**Work request**: Leave out the pictures, then return the records word for word.
------------------------
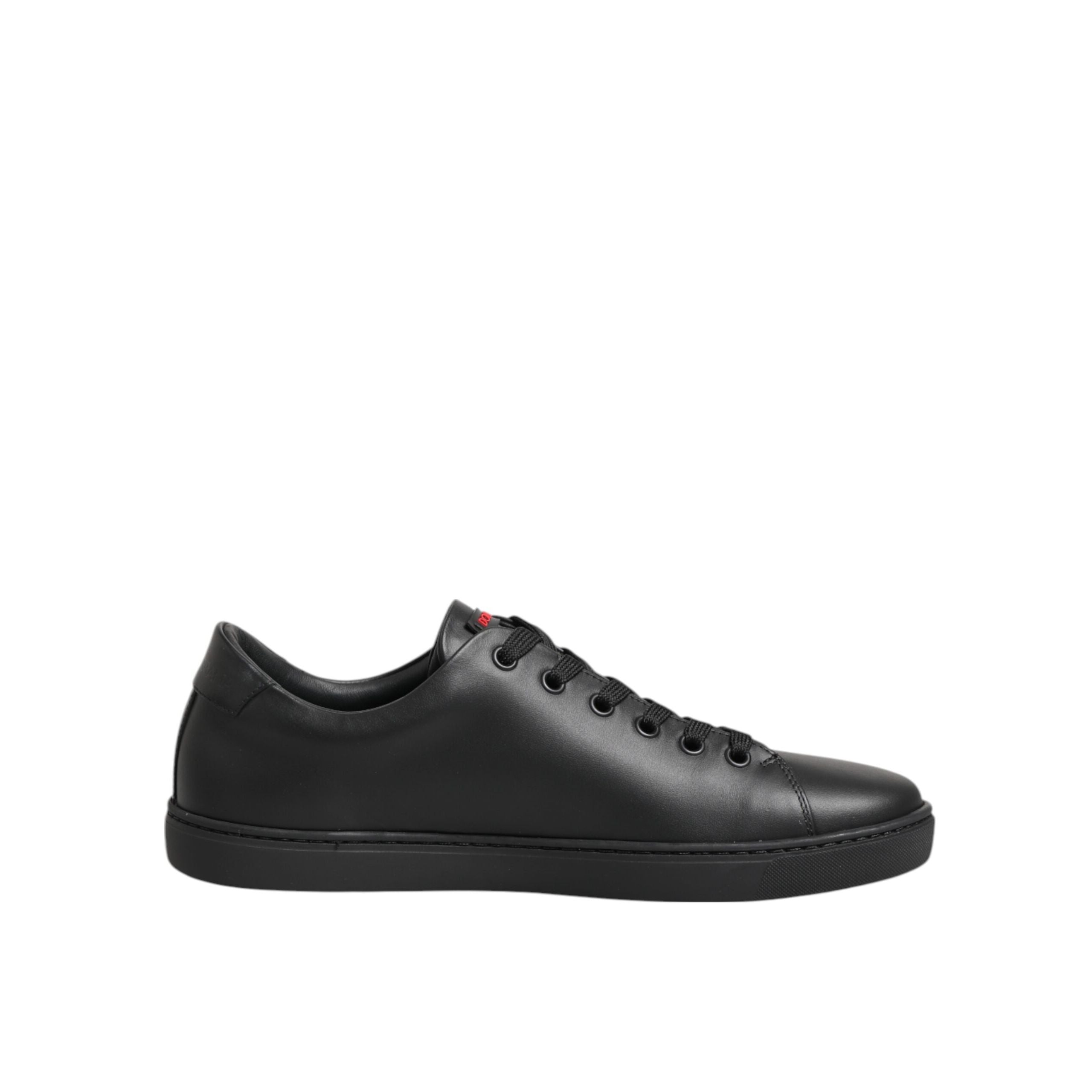 Sneakers basse Dolce & Gabbana in pelle nera con cuore di cristallo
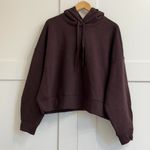 Everlane Cropped Luxe Fleece Hoodie in Dark Chocolate, Size Large Photo 5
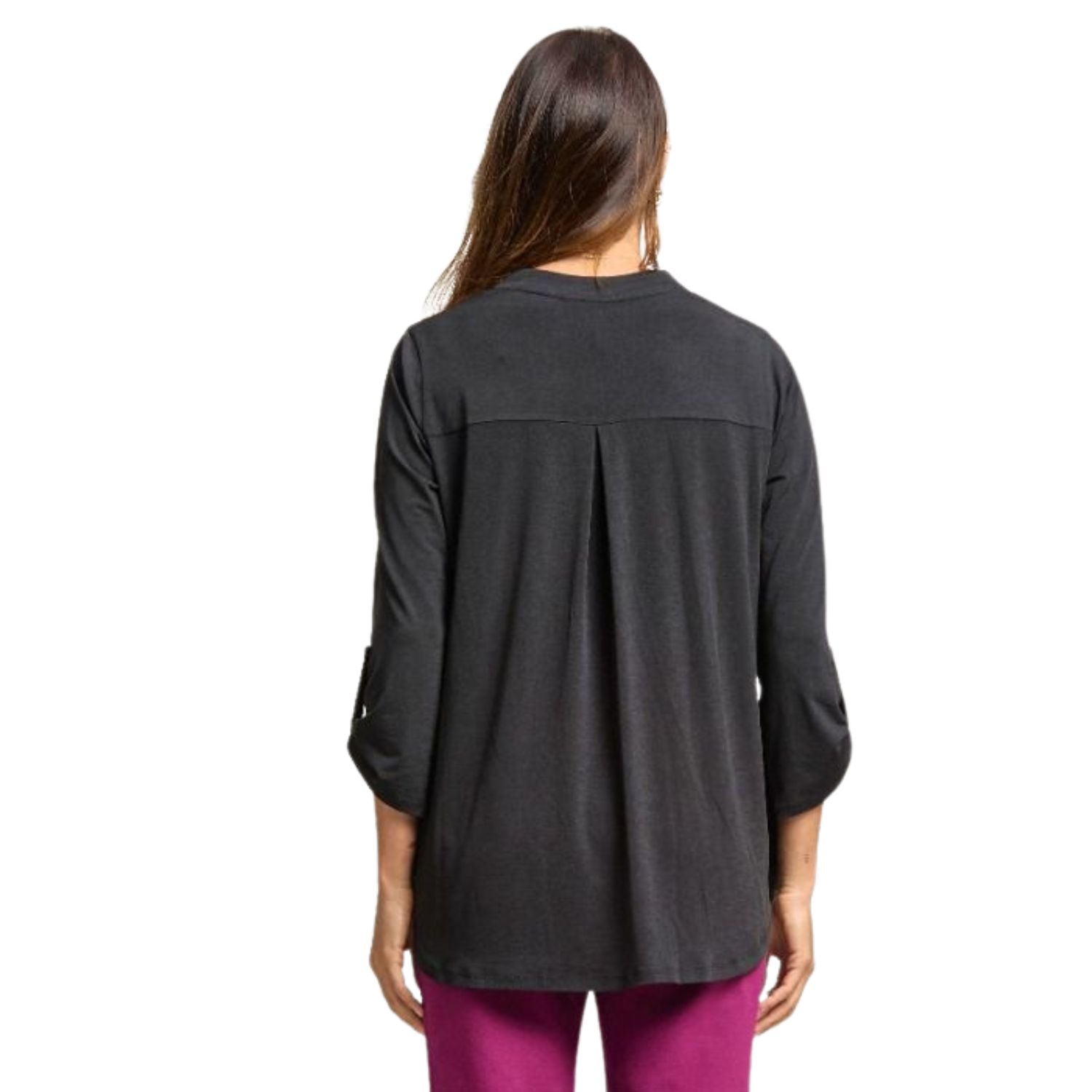 Dear Scarlett Womens Lizzy Relaxed Flowy High Low Blouse, Black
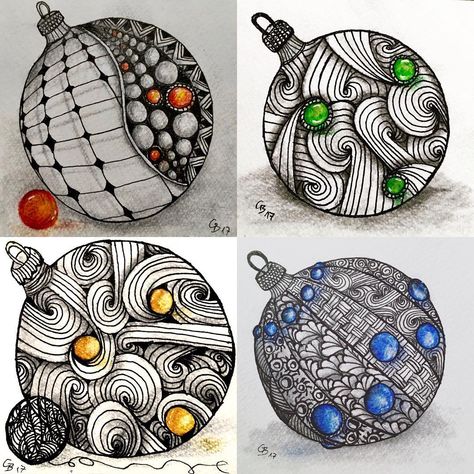 Christmas • Instagram Christmas Zentangle Patterns Doodles, Christmas Ornament Doodle, Christmas Tangles Ideas, Christmas Zentangle Ideas, Holiday Zentangle, Christmas Zentangle Patterns, Christmas Tangles, Xmas Templates, Zen Drawings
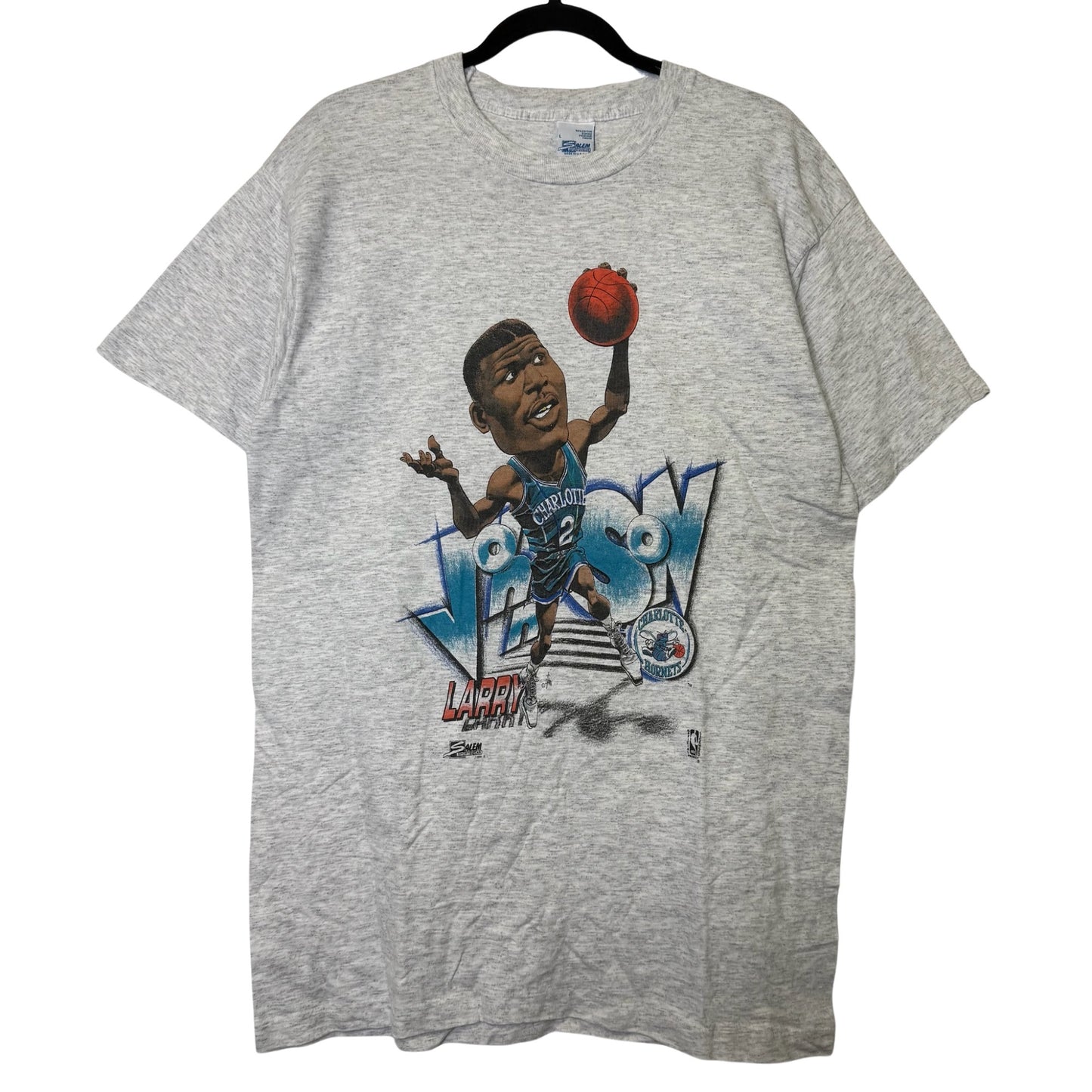 1991 Larry Jason Charlotte Hornets NBA T-Shirt Sz L (B2916)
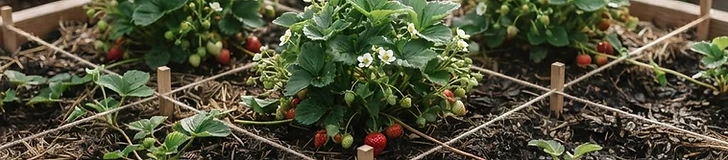 A close-up of vibrant red strawberries ripening on plants grown neatly within a wooden square-foot garden grid box.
------------------------
**Task result**:
 Sneakers basse Dolce & Gabbana in pelle nera con cuore di cristallo
 Everlane Cropped Luxe Fleece Hoodie in Dark Chocolate, Size Large Photo 5
 Dear Scarlett Womens Lizzy Relaxed Flowy High Low Blouse, Black
 Christmas • Instagram Christmas Zentangle Patterns Doodles, Christmas Ornament Doodle, Christmas Tangles Ideas, Christmas Zentangle Ideas, Holiday Zentangle, Christmas Zentangle Patterns, Christmas Tangles, Xmas Templates, Zen Drawings
 1991 Larry Jason Charlotte Hornets NBA T-Shirt Sz L (B2916)
 A close-up of vibrant red strawberries ripening on plants grown neatly within a wooden square-foot garden grid box.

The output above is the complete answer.